Dobrindt droht Gesichtsverlust
Wählt Dobrindt die politischen Attacke, wird wohl irgendwann der Europäische Gerichtshof über die deutsche Maut entscheiden. Irgendein Land oder Pkw-Nutzer wird schon eine Klage einreichen. Die Option wäre also unklug. Akzeptiert Dobrindt die Einwände aus Brüssel, müsste er allenfalls einen Gesichtsverlust fürchten. Doch der Kollateralschaden wäre deutlich geringer.
Wie könnte eine PKW-Maut also aussehen, die Brüssel akzeptiert? Klar ist: Das Versprechen der großen Koalition, keinen einzigen deutschen Autofahrer zu belasten, ist nicht zu halten. Es muss also einige Autofahrer geben, die mehr zahlen als vorher, andere könnten dafür zusätzlich profitieren. Am ehesten ließe sich so eine Maut verkaufen, wenn sie nach Öko-Kriterien ausgerichtet wäre.
Auch Dobrindt beabsichtigt ja, solche Öko-Klassen umzusetzen. An der Höhe der Entlastung wäre dann auch eins zu eins die Kfz-Steuer gekoppelt. Die Freibeträge sollen die Maut "vollständig und unbürokratisch" kompensieren. Brüssel würde wohl akzeptieren, wenn etwa PS-starke Spritschlucker noch mehr Maut zahlen würden und nicht vollständig kompensiert würden.
Im Gegenzug könnten schadstoffarme Autos etwas stärker entlastet werden. Es träfe also die BMW- und Mercedes-Fahrer, die es sich leisten könnten, nicht aber die Polo- und Smart-Besitzer. Unterm Strich könnten die Maut-Einnahmen dann genau so hoch ausfallen wie die Summe aus der Senkung der Kfz-Steuer. Der "deutsche Durchschnitts-Autofahrer" bliebe also verschont.
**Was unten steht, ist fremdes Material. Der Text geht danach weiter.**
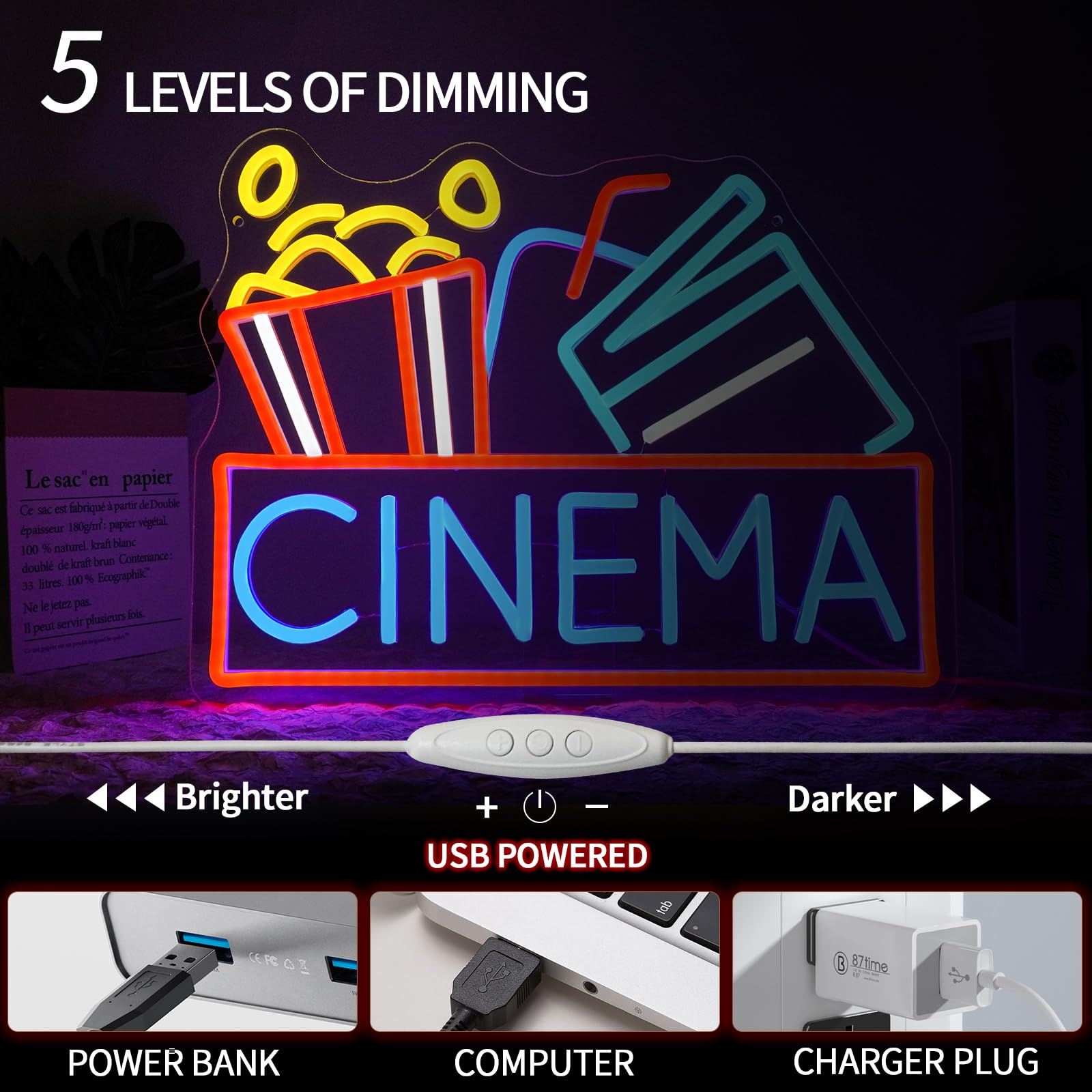 Cinema Insegna Al Neon Luce Al Neon per Camera Insegne Al Neon per WallDecor LED Segno Per Camera Da Letto Decor Home Party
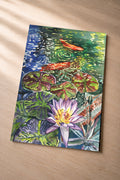Lily Pads and Koi – metal fine art print of koi fish and a lavender lotus in a Hawaiian pond by Patti Vrabel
Damit wäre Brüssel befriedet. Nur noch nicht die CDU in NRW. Da muss Dobrindt andere Überzeugungsarbeit leisten. Vielleicht hat er ja recht: "Durch die Infrastrukturabgabe wird es keine Auswirkungen auf den Grenzverkehr geben", weil sich ohnehin jeder eine Jahresvignette kaufe.